Concise syntax for attribute access and assignment: e.g., `obj.(a, b, c) = 1, 2, 3`

See also prior discussion of same idea (at least on left side for writing attributes).

This proposal adds right side for reading attributes which is good for symmetry :+1:

But the example with function calling does need fleshing out the scoping rules and what other content is allowed. Cause most function calls require some arguments — can you use any expression inside the call? Can you use operators at top level of the tuple?

delimiter = 'n'
"Banana".(split(delimiter), replace(delimiter, '_'), removesuffix('nana') + removeprefix('B'))
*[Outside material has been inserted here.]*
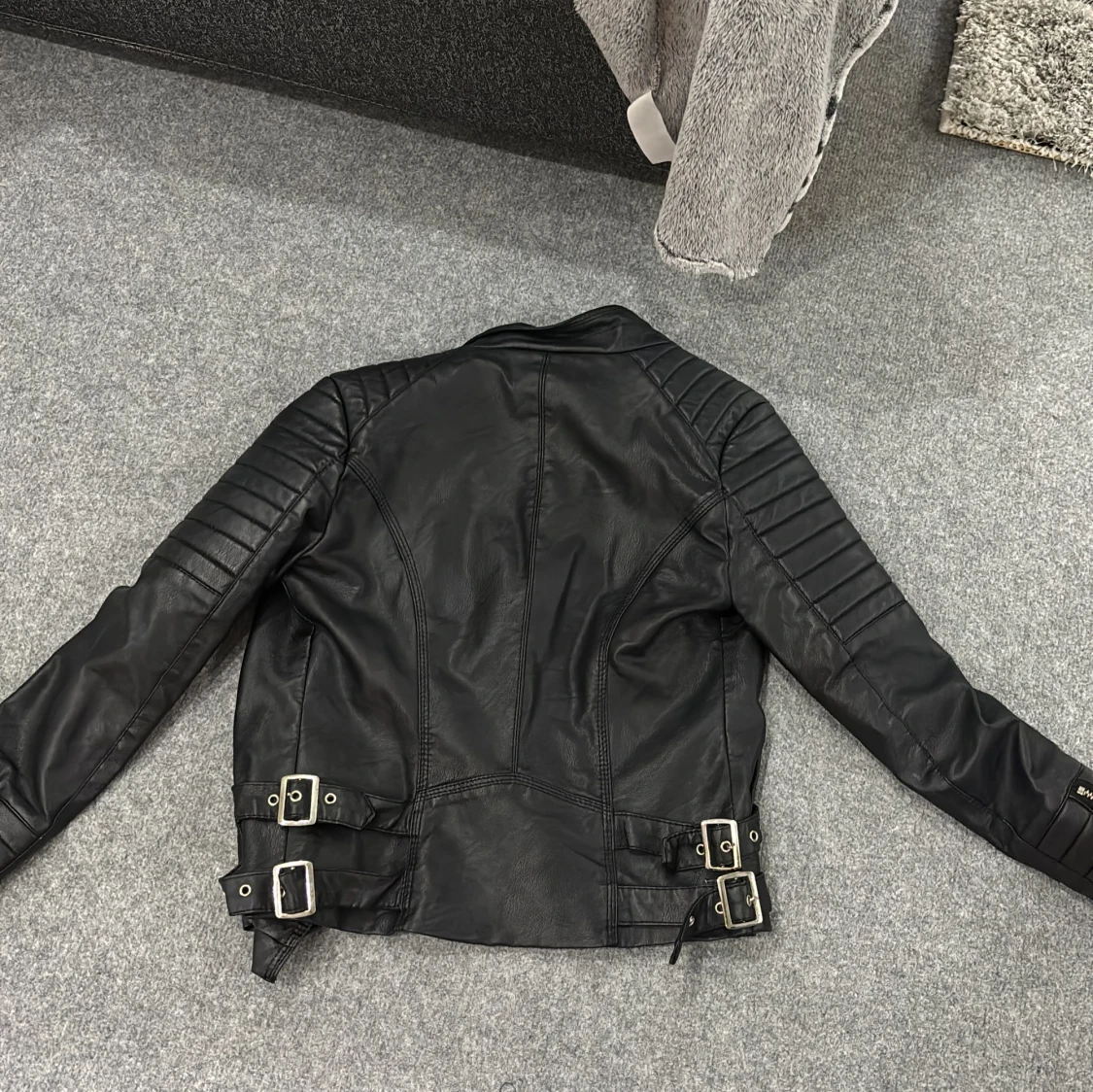 Svart skinnjacka med dragkedjor - 1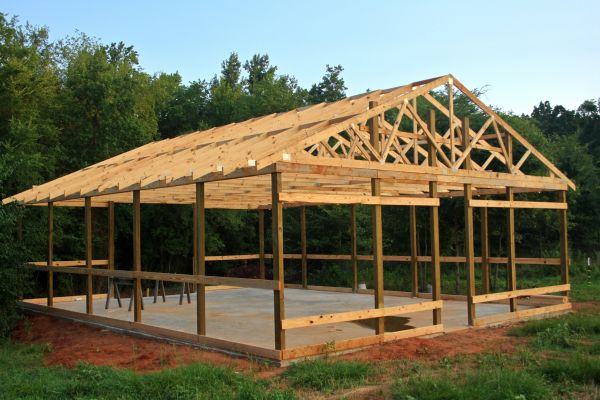 Barn Pad Installation in Elgin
There delimiter tries to refer to variable from surrounding scope instead of an attribute of “Banana” but there is no static way to know that. Would Python have to dynamically check if it exists as attribute, and if not fall back to variable? IIRC that’s what JS with statement does and it got deprecated over time. That can hide bugs :-1: as user likely had only one interpretation in mind — either they meant a variable or an attribute, but not both.
But if you don’t allow variable references, your ability to call functions and build complex expressions is limited. Which is arguably good for readability, but having to draw the line somewhere means users will need to learn that line, by trying things and failing.

IMHO the whole scoping complication makes this too complex to be worth it.
A syntax covering only obj.(attr1, attr2) is reasonably simple, but is it adding enough value alone to be worth it?